La blockchain può diventare una componente chiave della democrazia?

Forse abbiamo bisogno di utilizzare la tecnologia blockchain per riformare il processo di voto prima di poter tentare di strappare il controllo sui titoli di proprietà al governo. Questo è un altro chiaro caso d’uso della blockchain che potrebbe essere più fattibile dei titoli di proprietà e più gestibile. I voti, come Bitcoin e titoli fondiari, sono:

  • Scarsi e chiaramente limitati a uno per persona in età di voto
  • Trasferibile: sebbene possa sembrare controverso, quando votiamo, investiamo una preziosa risorsa limitata in un candidato
  • Costoso da lanciare, che richiede un intero sistema elettorale con panoramica, seggi elettorali e altre variabili che aumentano il costo ad essi associato, come il tempo necessario per andare effettivamente a votare

Decentrare il processo con un sistema basato su blockchain, può ridurre tutti i costi ad esso associati, aumentare la trasparenza e migliorare la partecipazione. Rimangono le stesse sfide per l’esperienza utente, ma il costo che un individuo associa alla perdita di un voto è molto inferiore al costo associato alla perdita di un titolo di proprietà terriero. Ciò lo rende di gran lunga il caso d’uso blockchain più fattibile, soprattutto perché i funzionari elettorali e la forza lavoro associata al voto sono temporanei; viene assemblato una volta ogni 4 anni circa. Ciò riduce la resistenza al cambiamento da un gruppo coeso come un’unione.

Quasi certamente i politici si opporranno

Sebbene i sistemi basati su blockchain siano già stati utilizzati nei processi elettorali, è probabile che i politici si opporranno al cambiamento. Si prevede che un processo elettorale basato su blockchain ridurrà il loro ruolo di rappresentanti, poiché più referendum sarebbero meno costosi, aumentando la loro probabilità. In alcuni casi, ciò potrebbe persino portare a un sistema di democrazia liquida, in cui i voti vengono investiti in esperti per determinate questioni, consentendo alle persone di aumentare il potere di voto di determinati individui su determinate questioni, diminuendo ulteriormente il ruolo dei rappresentanti e consentendo ai voti di flusso avanti e indietro. Questo flusso può comportare il richiamo di più rappresentanti, che non sono in grado di adempiere al loro mandato.

I possibili casi d’uso della blockchain sono troppo radicali per essere implementati?

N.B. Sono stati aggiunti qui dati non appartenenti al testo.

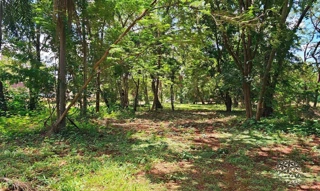 Imóvel 2868165 [''] - ['Av. Itumbiara, QD 15, LT 03, Vila Residencial de Itumbiara-GO'] [''] - ['Itumbiara']/['GO'] - 1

Se il potenziale svantaggio di ogni caso d’uso blockchain è così grande, allora potremmo non vedere i sistemi basati su blockchain sostituire quelli legacy su scala significativa. Non c’è dubbio che la blockchain abbia il potenziale per cambiare radicalmente tutto ciò che facciamo e tutte le istituzioni di cui avevamo bisogno o che consideravamo affidabili. I casi d’uso della blockchain potrebbero essere troppo radicali o troppo ingombranti per essere mai implementati. Nel frattempo, Bitcoin e altri criptovalute in misura minore, hanno dimostrato che la blockchain può essere utilizzata per effettuare transazioni senza intermediari. Forse alcuni dei potenziali casi d’uso per blockchain saranno meglio serviti dall’implementazione di altri sistemi, come Tangle di IOTA. Quello che sappiamo è che il genio è fuori dalla bottiglia e abbiamo anni di esperimenti davanti a noi per trovare casi d’uso adeguati della blockchain. Tieni d’occhio questi esperimenti, sono destinati ad essere eccitanti.